Chapter 50

Sidetrack (xi) -

 Manifesto - A Prequel

Wikimedia Commons  Berit Watkins  

Chapter 50

 

Sidetrack (xi) - Manifesto - Prequel

 

- ‘What’s all this about then?’

 

‘So…It's no good just moaning; what are you gonna do about it?’

 

 

We’ve got to get out of this mess.   We’ve got to stop sliding down the mucky slope that’s eroding our values, our humanity, our dreams.  We’ve got to resist the drift towards narrow-minded populist attitudes, refuse to give in to the big-tech takeover of everything, and remember what we really need from our lives, what we really need from our government.

 

There’s enough elsewhere in the other chapters about what’s not going well, how more people are being left behind, how attitudes are polarising, how the media can be too influential and so on.  Having spent three-quarters of my life under a Tory government, bemoaning the lost opportunities and the unfairness of it all, rarely being pleasantly surprised when they did something that felt sensible or egalitarian, the fact, however, remains that I’m still so, so glad I live in a Tory Britain compared to the nightmare of living in some other parts of the world.  Imagine being in a Chinese region under the brutal thumb of Beijing’s communist doctrine, or in a developing African or Asian nation in the hands of a corrupt bully-boy dictator, or sadly these days in the USA with its head-in-the-sand dangerous mix of religion, racism and out-dated patriotism.

 

If the answers don’t lie within the current Conservative philosophies, then where else do we turn?  Let’s immediately discard state-controlled communism.  Who wants to live in a country where there’s no choice, no freedom and the direction of everyone’s life is in the hands of party officials?  And, at the other extreme, let’s rule out the neo-liberal, anything goes, approach that’s making such headway, championed by those silicon-valley zillionaires, Bezos, Musk, Gutenberg and Page and their all controlling organisations Amazon, PayPal-Tesla-Twitter+, Facebook and Google.  Their view of winner takes all and their anti-regulation stance is almost as scary as full-blown state-control.

 

Where’s the sensible middle-ground?  Slide a little too far to the right and you end up drifting past some of the benefits of Tory paternalism and end up in the market-driven doctrine of the current crop of conservatives where there are more losers than winners.  Slide a little too far to the left and over-enthusiastic socialist idealism with its dreamy-eyed town council advocates, over-powerful union barons, and disenchanted big business, and the opportunities for the growth and enterprise that ultimately funds it all are blunted.

 

So we’ve got to carefully pick a social democratic path through the maze that defines the centre ground, choose the best ideas and policies from just to the left, or just to the right, and wrap them up with all the good things about our nation and its people.  Easy.  The harder part will be selling it to those who might see a weakening in their power base, or a dilution in their wealth, especially if some of the more influential media take a confrontational stance.

 

There’s no harm in trying.
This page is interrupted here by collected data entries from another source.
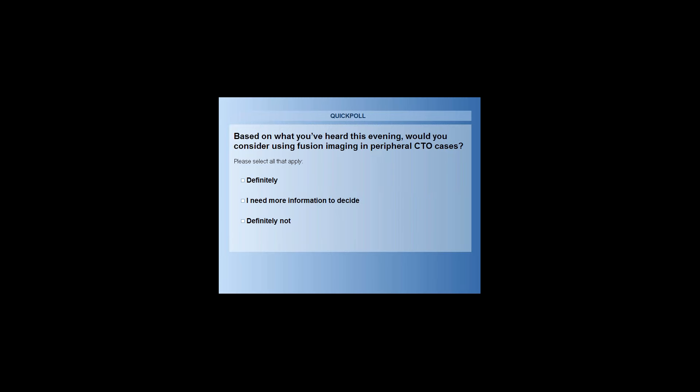On the other hand, regarding contrast, I've noticed together with our assisting nurses here that the contrast dose is reduced by more than 50% using this 2D/3D fusion technology. So the answer there is definitely yes.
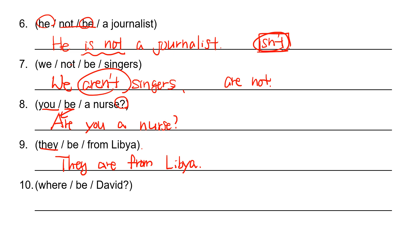Where be David? Where? WH question. David is he. So he is. Where is David?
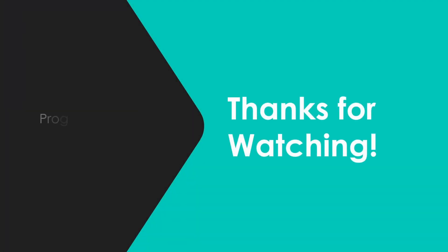I hope that helps you with a better understanding of object reference variables and how they work. Thanks for watching. Hope to see you next time.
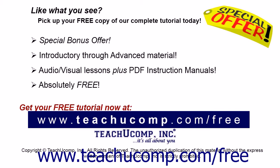Like what you see? Pick up your free copy of the complete tutorial at www.teachucomp.com forward slash free.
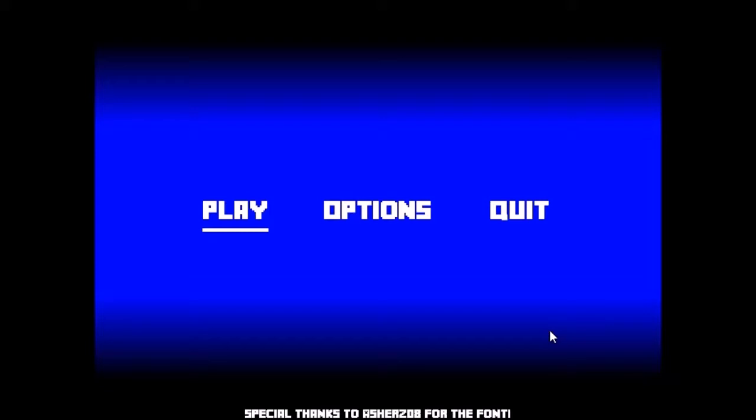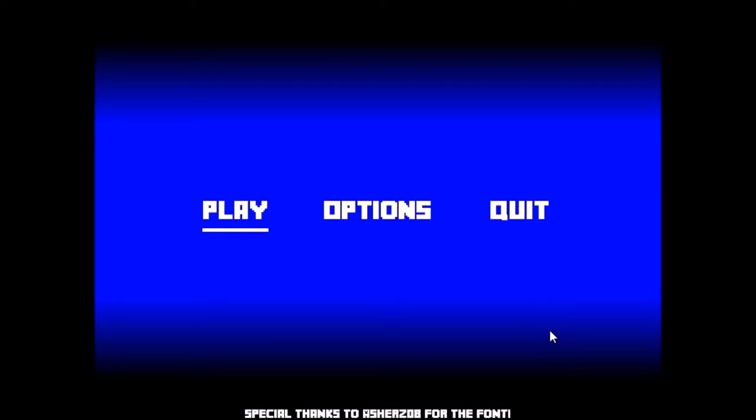First of all, I'm going to say it uses Asher's 08's font, as you can see there at the bottom, special thanks to Asher's 08 for the font. It also uses a gradient library for that gradient look, but I got that off the Love wiki.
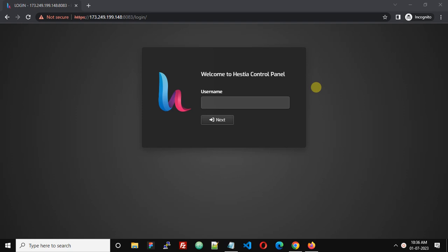Hello, in this video we are going to see how we can reset the password of Hestia Control Panel from SSH.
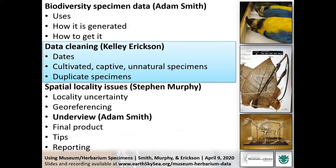That wraps up the first section. I'm going to hand it over to Kelly now to talk about data cleaning tips and tricks. Bear with us as we switch screens since we're all self-isolating and not in the same location.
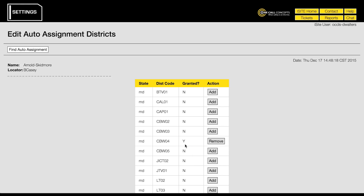That's it. In this example, tickets matching the assigned map area and district code will automatically be assigned to the locator B Casey as soon as they are received.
So Manifesto might just take a stab at suggesting a new direction, a blend of ideas, some established, some new, most costed, some blue sky, that will cover the journey of a citizen from cradle to grave.  Wellbeing and opportunity policies for childhood, education, welfare, employment, defence, environment, health, old-age and the rest.  Defensive barriers against obvious physical hostile threats and protective measures against more nebulous creeping takeovers and influences.  Energy, the environment, trade, business and foreign relations all need to need to be intertwined in a coherent plan that people can buy into.

 

A plan that appeals to the compassion we know lies in the British people.

 

A plan that is radical without being revolutionary.  We can cope with sensible radicalism in this country but we don’t do revolutions unless of the agricultural, industrial or musical kind.

 

A plan that’s ambitious.  There’s no point taking little steps and as a nation we like a challenge.

 

A plan that’s patriotic.  We love our history and we champion our diversity without always realising it.

 

If we can find the plans and appropriate policies that deliver an affordable middle path, and are accepted as fair and forward thinking by the electorate, then maybe the two-party confrontational stalemate that’s existed for too long might just be shaken up.

 

Maybe Manifesto, if it ever appears in print, could become the policy blueprint for a new party.  One that blends Compassion, Radicalism, Ambition and Patriotism together.   Probably a crap idea but it might be fun to try.

 

It’s already on the drawing board and should be out in time for the next general election.   Whether anyone cares to read it will be another matter entirely.